Whatever runs from the line with "Modern smart deurslot" to the end of the records below must be copied exactly, with nothing else included.

[Records from a data source]
=== Begin Enclosure ===

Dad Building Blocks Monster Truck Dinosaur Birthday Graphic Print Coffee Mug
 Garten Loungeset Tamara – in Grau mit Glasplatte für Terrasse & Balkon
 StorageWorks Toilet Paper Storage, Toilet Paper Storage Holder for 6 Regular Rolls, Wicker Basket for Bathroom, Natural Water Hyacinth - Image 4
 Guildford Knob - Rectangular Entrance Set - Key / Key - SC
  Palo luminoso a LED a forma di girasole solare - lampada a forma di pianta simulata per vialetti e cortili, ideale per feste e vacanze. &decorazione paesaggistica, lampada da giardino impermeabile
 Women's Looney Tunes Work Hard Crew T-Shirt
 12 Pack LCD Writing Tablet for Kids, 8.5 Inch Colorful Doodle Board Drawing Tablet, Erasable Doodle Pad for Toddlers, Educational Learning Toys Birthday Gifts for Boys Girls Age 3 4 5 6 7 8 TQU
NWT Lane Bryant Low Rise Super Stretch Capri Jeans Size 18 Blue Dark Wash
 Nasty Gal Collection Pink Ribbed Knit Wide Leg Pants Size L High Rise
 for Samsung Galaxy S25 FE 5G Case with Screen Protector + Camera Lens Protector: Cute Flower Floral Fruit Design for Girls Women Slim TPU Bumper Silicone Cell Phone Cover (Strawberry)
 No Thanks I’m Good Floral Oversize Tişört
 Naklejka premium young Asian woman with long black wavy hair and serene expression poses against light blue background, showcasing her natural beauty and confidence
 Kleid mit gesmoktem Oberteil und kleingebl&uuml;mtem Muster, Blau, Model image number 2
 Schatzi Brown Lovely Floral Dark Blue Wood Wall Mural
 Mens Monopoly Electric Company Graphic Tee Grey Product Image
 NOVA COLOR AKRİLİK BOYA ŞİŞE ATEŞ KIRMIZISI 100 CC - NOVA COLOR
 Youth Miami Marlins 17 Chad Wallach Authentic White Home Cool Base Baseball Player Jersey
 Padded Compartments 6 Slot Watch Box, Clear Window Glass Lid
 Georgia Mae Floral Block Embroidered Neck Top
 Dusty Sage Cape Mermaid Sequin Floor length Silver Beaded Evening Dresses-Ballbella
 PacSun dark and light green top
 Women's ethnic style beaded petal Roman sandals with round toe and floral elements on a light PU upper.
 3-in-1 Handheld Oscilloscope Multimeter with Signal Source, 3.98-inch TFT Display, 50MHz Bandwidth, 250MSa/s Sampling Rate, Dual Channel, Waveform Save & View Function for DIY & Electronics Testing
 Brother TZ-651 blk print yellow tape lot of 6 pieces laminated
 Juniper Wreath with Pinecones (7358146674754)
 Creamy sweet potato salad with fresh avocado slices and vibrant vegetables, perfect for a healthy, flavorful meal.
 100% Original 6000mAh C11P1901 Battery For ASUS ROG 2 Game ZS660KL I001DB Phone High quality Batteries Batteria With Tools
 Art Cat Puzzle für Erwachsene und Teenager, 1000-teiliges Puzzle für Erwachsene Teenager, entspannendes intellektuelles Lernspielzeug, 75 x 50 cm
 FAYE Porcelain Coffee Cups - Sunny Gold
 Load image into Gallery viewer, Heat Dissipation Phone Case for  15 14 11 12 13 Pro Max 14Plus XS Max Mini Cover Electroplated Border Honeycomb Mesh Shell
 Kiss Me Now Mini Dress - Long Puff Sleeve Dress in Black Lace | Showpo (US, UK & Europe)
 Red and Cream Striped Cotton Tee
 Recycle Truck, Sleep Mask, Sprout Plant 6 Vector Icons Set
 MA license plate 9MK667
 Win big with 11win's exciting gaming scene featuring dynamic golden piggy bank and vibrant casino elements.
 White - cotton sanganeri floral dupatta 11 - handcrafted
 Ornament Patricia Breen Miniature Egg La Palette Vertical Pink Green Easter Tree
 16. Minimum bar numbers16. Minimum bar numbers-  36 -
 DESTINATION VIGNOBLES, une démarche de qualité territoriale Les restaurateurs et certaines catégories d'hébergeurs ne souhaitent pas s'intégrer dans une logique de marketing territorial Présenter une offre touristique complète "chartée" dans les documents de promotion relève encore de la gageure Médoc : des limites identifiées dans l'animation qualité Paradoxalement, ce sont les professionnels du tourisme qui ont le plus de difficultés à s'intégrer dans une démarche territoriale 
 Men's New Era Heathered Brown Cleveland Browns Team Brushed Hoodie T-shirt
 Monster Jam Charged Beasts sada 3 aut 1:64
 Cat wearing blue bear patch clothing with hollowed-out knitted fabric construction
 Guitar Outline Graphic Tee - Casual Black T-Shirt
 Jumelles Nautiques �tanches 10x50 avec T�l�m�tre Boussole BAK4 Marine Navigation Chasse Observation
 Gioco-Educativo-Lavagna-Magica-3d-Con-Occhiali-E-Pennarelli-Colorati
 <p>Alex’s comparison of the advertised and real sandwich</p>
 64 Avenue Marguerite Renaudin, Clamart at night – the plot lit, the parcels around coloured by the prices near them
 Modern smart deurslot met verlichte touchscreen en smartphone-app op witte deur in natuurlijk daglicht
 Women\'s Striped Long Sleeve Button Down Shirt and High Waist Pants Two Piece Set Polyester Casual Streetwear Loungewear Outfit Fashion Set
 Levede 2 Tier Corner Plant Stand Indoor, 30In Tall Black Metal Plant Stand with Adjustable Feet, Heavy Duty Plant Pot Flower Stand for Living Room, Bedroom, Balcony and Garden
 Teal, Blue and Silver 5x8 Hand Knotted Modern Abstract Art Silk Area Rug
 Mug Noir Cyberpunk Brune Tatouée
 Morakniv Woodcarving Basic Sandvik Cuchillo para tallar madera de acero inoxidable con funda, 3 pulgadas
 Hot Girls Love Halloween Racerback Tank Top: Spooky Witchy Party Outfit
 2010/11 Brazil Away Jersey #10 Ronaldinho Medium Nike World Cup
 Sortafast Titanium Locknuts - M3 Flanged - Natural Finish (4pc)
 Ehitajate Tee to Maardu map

=== End Enclosure ===

Reply:
 Modern smart deurslot met verlichte touchscreen en smartphone-app op witte deur in natuurlijk daglicht
 Women\'s Striped Long Sleeve Button Down Shirt and High Waist Pants Two Piece Set Polyester Casual Streetwear Loungewear Outfit Fashion Set
 Levede 2 Tier Corner Plant Stand Indoor, 30In Tall Black Metal Plant Stand with Adjustable Feet, Heavy Duty Plant Pot Flower Stand for Living Room, Bedroom, Balcony and Garden
 Teal, Blue and Silver 5x8 Hand Knotted Modern Abstract Art Silk Area Rug
 Mug Noir Cyberpunk Brune Tatouée
 Morakniv Woodcarving Basic Sandvik Cuchillo para tallar madera de acero inoxidable con funda, 3 pulgadas
 Hot Girls Love Halloween Racerback Tank Top: Spooky Witchy Party Outfit
 2010/11 Brazil Away Jersey #10 Ronaldinho Medium Nike World Cup
 Sortafast Titanium Locknuts - M3 Flanged - Natural Finish (4pc)
 Ehitajate Tee to Maardu map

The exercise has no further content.